Jesus glared at Lenny. The guy was such a prick he probably spent his free time telling kindergarteners that the tooth fairy didn’t exist. Jesus knew that the ghost stories were a bunch of bullshit but he had seen enough of the world to realize that you didn’t shit on other people’s beliefs. Sick of Lenny’s mouth, he spoke up, “Look, I don’t want to spend my whole night on this tour so let’s move along.” Ben and Jay had reached their limit with Lenny so they took Jesus’s suggestion as an order and began to head in the general direction down Broad Street that the route had taken. Thaddeus rushed to take the lead and the rest of the group had no choice but to follow.

As they approached the Augusta Chronicle Building, Thaddeus announced that it was the second to the last stop. “Thank you, Sweet Baby Jesus,” Tiffany mumbled under her breath. Pete squeezed her hand, letting her know that he had heard her. “I don’t know how much more I can take,” she whispered, half explaining and half apologizing.
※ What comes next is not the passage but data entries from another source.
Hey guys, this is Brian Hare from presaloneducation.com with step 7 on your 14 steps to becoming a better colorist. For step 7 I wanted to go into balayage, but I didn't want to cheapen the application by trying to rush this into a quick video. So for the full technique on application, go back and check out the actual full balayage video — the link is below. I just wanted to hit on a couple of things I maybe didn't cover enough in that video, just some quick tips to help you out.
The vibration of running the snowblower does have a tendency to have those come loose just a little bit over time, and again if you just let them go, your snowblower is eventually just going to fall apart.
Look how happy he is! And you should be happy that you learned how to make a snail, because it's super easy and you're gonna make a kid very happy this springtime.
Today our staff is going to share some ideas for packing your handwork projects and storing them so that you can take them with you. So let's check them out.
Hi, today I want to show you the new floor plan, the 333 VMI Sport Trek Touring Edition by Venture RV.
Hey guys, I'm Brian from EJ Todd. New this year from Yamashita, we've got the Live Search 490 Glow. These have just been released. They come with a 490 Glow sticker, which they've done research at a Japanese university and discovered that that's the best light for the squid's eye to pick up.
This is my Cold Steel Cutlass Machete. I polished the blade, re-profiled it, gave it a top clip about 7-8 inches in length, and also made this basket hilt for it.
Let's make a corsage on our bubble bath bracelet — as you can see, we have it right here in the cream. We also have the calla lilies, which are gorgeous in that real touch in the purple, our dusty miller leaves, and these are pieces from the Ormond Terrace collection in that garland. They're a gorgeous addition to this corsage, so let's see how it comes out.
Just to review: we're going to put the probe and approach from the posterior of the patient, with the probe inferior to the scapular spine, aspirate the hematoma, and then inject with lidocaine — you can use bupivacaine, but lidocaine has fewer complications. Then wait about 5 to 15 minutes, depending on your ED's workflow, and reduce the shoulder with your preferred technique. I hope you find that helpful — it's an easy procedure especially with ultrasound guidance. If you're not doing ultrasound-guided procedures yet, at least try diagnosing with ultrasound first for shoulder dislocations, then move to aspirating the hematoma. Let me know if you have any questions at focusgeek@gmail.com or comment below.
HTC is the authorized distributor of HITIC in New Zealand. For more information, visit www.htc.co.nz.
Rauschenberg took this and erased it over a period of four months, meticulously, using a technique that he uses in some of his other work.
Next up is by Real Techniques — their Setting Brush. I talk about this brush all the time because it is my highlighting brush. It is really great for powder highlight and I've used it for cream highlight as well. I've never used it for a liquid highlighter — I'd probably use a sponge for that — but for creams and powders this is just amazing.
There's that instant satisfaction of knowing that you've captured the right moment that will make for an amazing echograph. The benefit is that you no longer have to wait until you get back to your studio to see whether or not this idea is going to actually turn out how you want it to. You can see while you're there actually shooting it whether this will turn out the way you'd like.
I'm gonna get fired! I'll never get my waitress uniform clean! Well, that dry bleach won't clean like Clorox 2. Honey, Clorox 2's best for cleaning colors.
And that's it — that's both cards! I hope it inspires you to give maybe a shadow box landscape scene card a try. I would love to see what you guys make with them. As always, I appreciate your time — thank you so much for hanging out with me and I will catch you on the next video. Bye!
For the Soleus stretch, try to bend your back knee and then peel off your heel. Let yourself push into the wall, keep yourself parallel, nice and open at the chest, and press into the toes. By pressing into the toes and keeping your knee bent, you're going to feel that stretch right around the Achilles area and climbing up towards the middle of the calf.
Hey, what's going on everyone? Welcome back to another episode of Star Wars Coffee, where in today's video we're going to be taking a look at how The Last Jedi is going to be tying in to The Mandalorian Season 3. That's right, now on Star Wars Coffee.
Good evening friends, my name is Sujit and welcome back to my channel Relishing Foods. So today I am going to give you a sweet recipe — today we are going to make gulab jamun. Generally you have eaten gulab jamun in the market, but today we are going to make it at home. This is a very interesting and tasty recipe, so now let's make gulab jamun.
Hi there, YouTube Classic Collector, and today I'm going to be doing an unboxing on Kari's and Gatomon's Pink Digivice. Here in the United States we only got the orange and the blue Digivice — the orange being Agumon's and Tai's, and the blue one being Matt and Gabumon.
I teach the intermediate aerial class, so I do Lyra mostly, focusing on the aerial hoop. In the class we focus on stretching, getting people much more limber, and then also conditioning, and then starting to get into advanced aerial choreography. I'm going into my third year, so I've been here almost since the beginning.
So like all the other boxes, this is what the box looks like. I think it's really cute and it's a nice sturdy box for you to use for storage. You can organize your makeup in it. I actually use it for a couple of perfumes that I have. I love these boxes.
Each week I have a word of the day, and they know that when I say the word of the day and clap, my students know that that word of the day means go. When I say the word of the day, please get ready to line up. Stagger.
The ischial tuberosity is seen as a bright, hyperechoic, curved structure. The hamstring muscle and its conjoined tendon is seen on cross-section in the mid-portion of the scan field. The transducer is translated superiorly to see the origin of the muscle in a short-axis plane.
“You shouldn’t have to take any of it. Lenny is acting like an ass.” Tiffany didn’t voice her agreement but she felt it. This night had turned out to be a complete failure. Instead of getting Lenny to like her, Lenny was making her hate him. She cringed over the word hate but she couldn’t feel any other way towards someone who kept attacking the things she held dear. Last night it was her family and tonight it was her hometown. She didn’t want to think about what Lenny would go after tomorrow night. Plus, the way he insisted on publicly arguing with Thaddeus made her mortified to be connected to him. She was going to have to apologize to the tour guide for bringing Lenny. So yeah, Tiffany definitely hated her future brother-in-law but she couldn’t let Pete know. She would not be accused of causing problems between the two brothers, so she kept her mouth closed and hoped she could make it to the end of the tour without giving Lenny a piece of her mind.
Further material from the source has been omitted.